Le courage de nommer
Avec Les complices du mal, Omar Youssef Souleimane offre un essai lumineux à la croisée de la politique, de la morale et de la philosophie. Poète et journaliste franco-syrien, l’auteur y fouille les dérives de la scène politique, là où l’engagement s’abîme dans le calcul et où la fausse vertu masque mal la compromission.
Le titre annonce le propos : il s’agit moins de nommer des coupables que de désigner des complices. Les « complices du mal » sont ces acteurs, intellectuels, élus ou militants qui, au nom d’une cause présentée comme juste (la lutte contre le racisme, le colonialisme ou l’injustice sociale ) ferment les yeux sur la propagation de discours de haine, les dérives communautaristes et les complaisances envers l’islamisme.
Souleimane montre avec une précision chirurgicale comment certains mouvements de la gauche radicale, notamment La France insoumise, ont fini par brouiller la frontière entre solidarité avec les victimes de l’impérialisme occidental et l’aveuglement à l’égard du totalitarisme islamiste. Non par sympathie doctrinale mais afin d’utiliser un miroir commode pour se poser en défenseurs des opprimés et surtout par électoralisme. C’est ici que le livre dépasse l’enquête journalistique et devient une réflexion sur la corruption du politique, sur la manière dont la stratégie peut dissoudre l’éthique.
Sur le plan philosophique, Les complices du mal reprend la thèse d’Hannah Arendt sur la banalité du mal, ce moment où la haine cesse d’être spectaculaire pour devenir structurelle, acceptée, justifiée, parfois même célébrée au nom du progrès.
Il interroge cette pente naturelle des sociétés modernes à réduire la morale à une posture communicationnelle. À ses yeux la plus grande menace n’est pas l’extrémisme, mais le renoncement des esprits lucides ainsi que ceux qui se taisent pour préserver leur place, leur réputation ou leur parti.
L’essai frappe par son éthique du langage. Souleimane écrit dans une prose nette et débarrassée du pathos. Il ne cherche ni à scandaliser ni à séduire , il cherche à dire vrai et selon cette idée que le mensonge politique commence toujours par le choix des mots. Il rappelle que la laïcité, la liberté d’expression et l’universalisme ne sont pas des concepts abstraits mais des valeurs vécues, nées de combats et de douleurs.
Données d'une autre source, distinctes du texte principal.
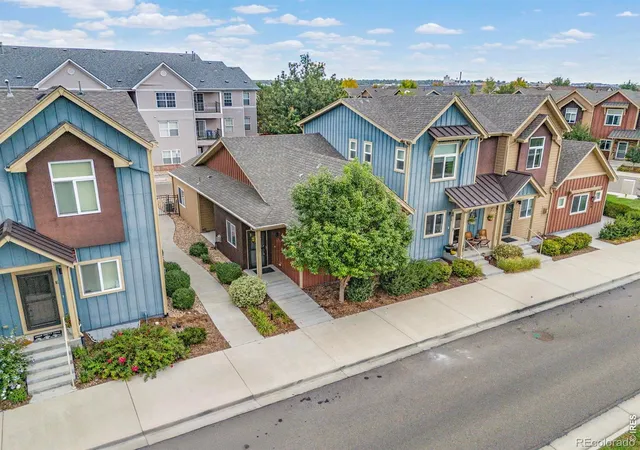 Listing Photo 4 - Condo for sale in building located at 226 N Parkside Dr, Longmont, CO 80501 - Unit #D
Le livre pose une question essentielle à la philosophie politique contemporaine : qu’est-ce que le courage intellectuel à l’ère des appartenances ? Dans une société où les clivages identitaires remplacent les idéaux, où la fidélité au groupe prime sur la fidélité à la vérité, Il appelle à retrouver la responsabilité individuelle. « Le mal, écrit-il en substance, n’a pas besoin d’ennemis : il prospère sur les renoncements successifs des consciences tranquilles. »
Cette réflexion s’enracine aussi dans une expérience biographique : Exilé de Syrie, Souleimane a connu les régimes où la peur et la soumission font loi. Il regarde la France non comme un juge extérieur mais comme un amoureux inquiet : inquiet de voir le pays de la raison et de la laïcité céder à la confusion, à la peur d’être mal compris, à cette forme de relativisme moral qui interdit désormais de nommer l’islamisme comme un danger politique.
Au fond, Les complices du mal est une mise en garde contre la fatigue de la liberté. Il rappelle avec une gravité calme que les démocraties ne meurent pas toujours sous les coups d’un ennemi extérieur mais par érosion intérieure, quand la clarté devient suspecte et que la vérité gêne.
Omar Youssef Souleimane signe ici un texte courageux et d’une justesse presque socratique : celle qui consiste à poser les questions que la cité refuse d’entendre. Un livre salutaire, exigeant et nécessaire à quiconque refuse de confondre la tolérance avec la lâcheté.